"doesn't sound to me like he reacted that badly if it only bothered him for a few days."
Does each person react the same?And have you read what his reactions were in those following days? The reason why he only reacts for a short while is because a few days later he is trying to avoid being killed. You can't argue motivations or reactions unless you've read the book.
had to kill the men?
or chose to kill the men?
Again, you're questioning motivations and actions without having read the book. You do not know the setup -- where are the men? How many of them are there? How long does the main character have to save her?
The main character shoots the men because otherwise they will shoot him. He can't get to them beforehand. He cannot disarm them. They know he is coming, and they know why.
"they may die because of his efforts to save the child, but that's something quite different."

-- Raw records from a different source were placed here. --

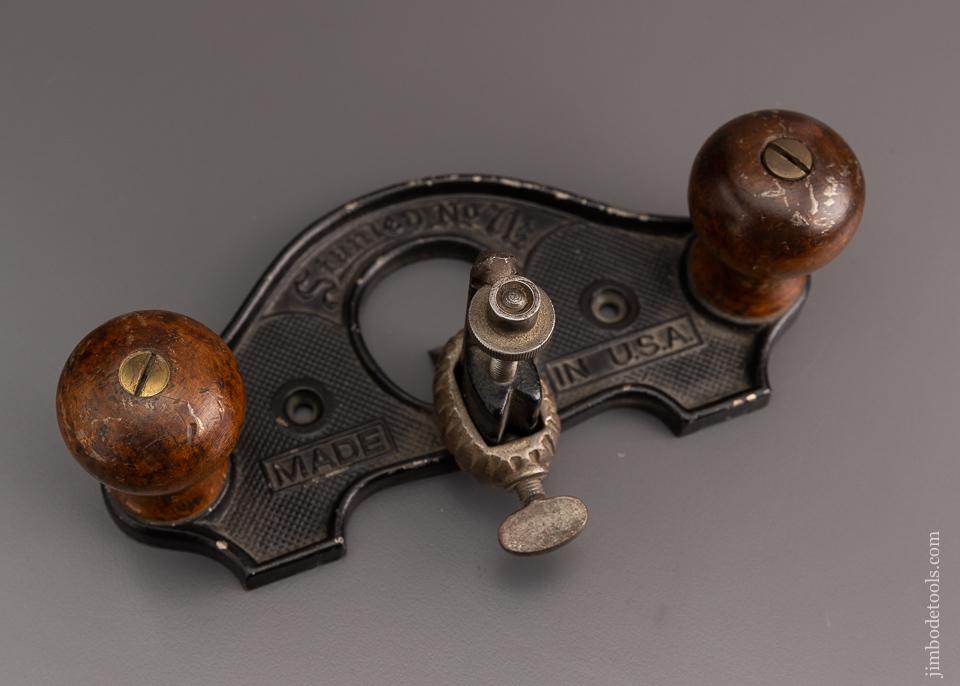 Fine STANLEY No. 71 Router Plane with 1/2 inch cutters - 96935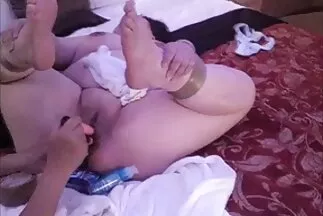 يتذوقون القبعات سكس عربي محارم جديد ويلعقونها بشكل شهواني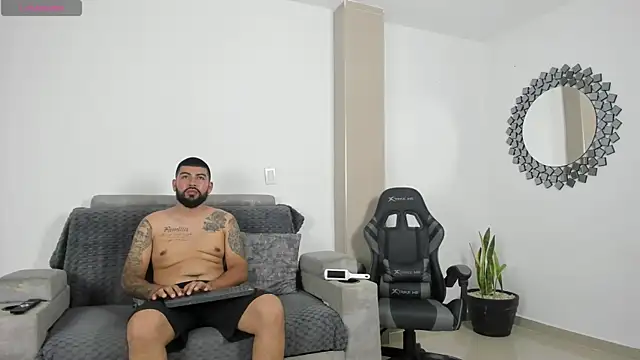 DulceRomance online show from May 6, 2:37 am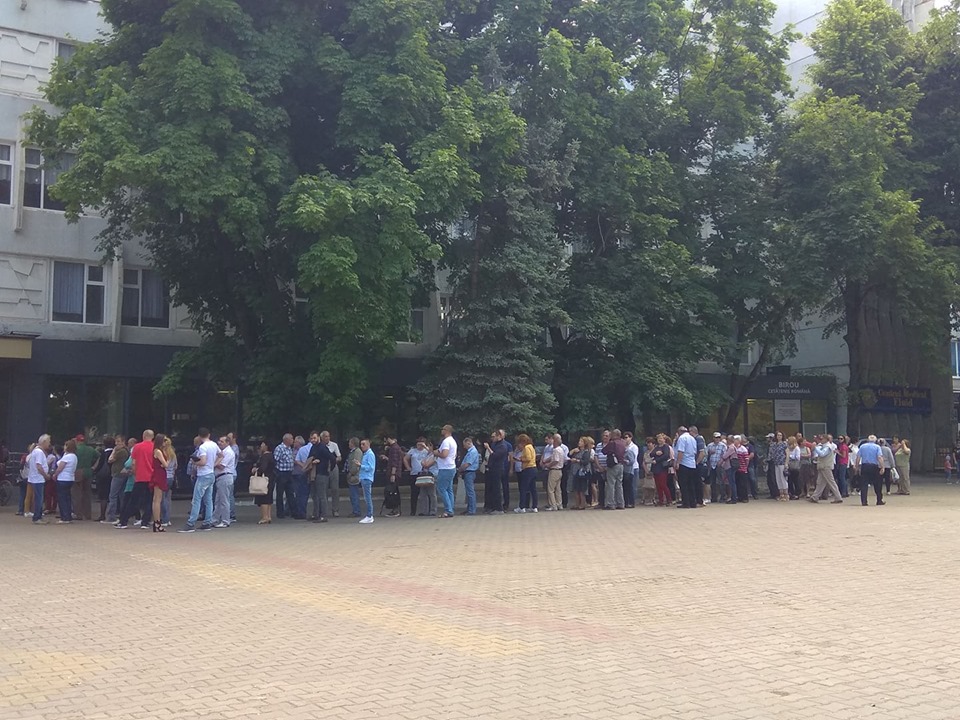 Președintele PMP cere prelungirea programului de vot pentru românii care votează în Republica Moldova și UE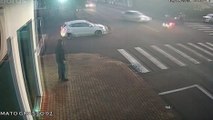 Vídeo mostra carro batendo contra moto durante conversão à esquerda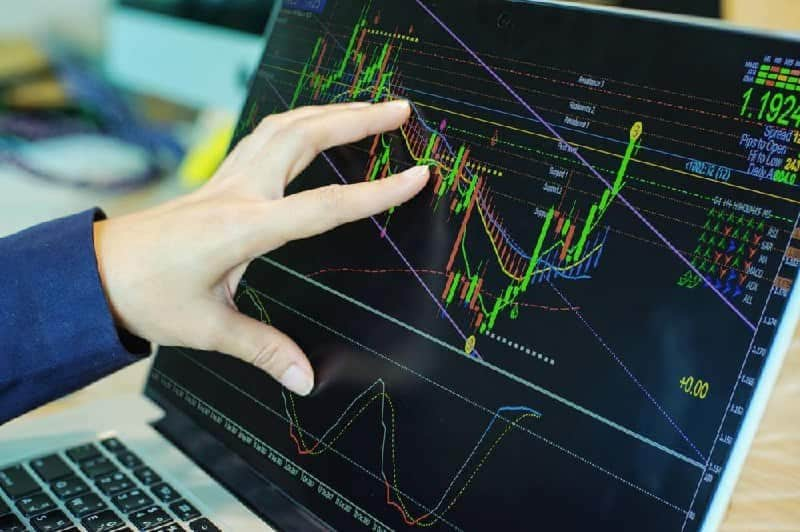 2 cryptocurrencies to reach a $5 billion market cap in Q1 2025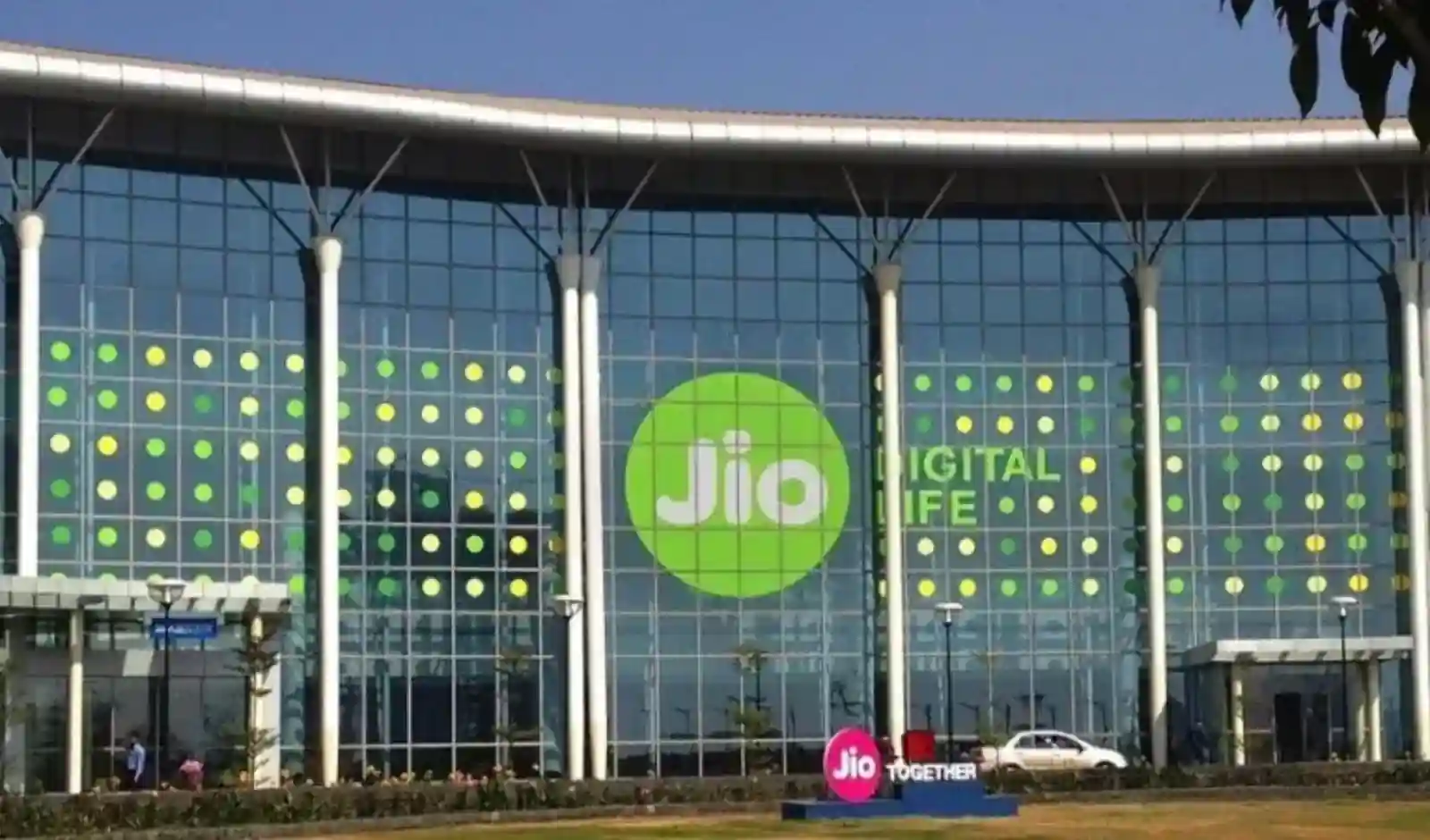 Jio Platforms का भारत के सबसे बड़े IPO से ₹30,200 करोड़ जुटाने का लक्ष्य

No, they do die because of his efforts to save the child.
Craig Hocker wrote:
I am not offended, just puzzled that you are setting up one of the severest tests for someone who believes in the values Aikido promotes, yet have no interest in exploring that dilemma this puts on your protagonist. Hence my suggestion you drop in something more generic since you are simply looking for a generic plot device that many martial arts would fit.
You raise an excellent point, Craig. (values versus actions). So, bearing in mind I know nothing of martial arts, my question is: would other martial arts not have the same values? Also, one of the major themes in the book is how the main character tries to avoid the conflict, but keeps on being sucked into it, not through his own doings. If he had a generic form of training, perhaps he would not be so keen to avoid fighting?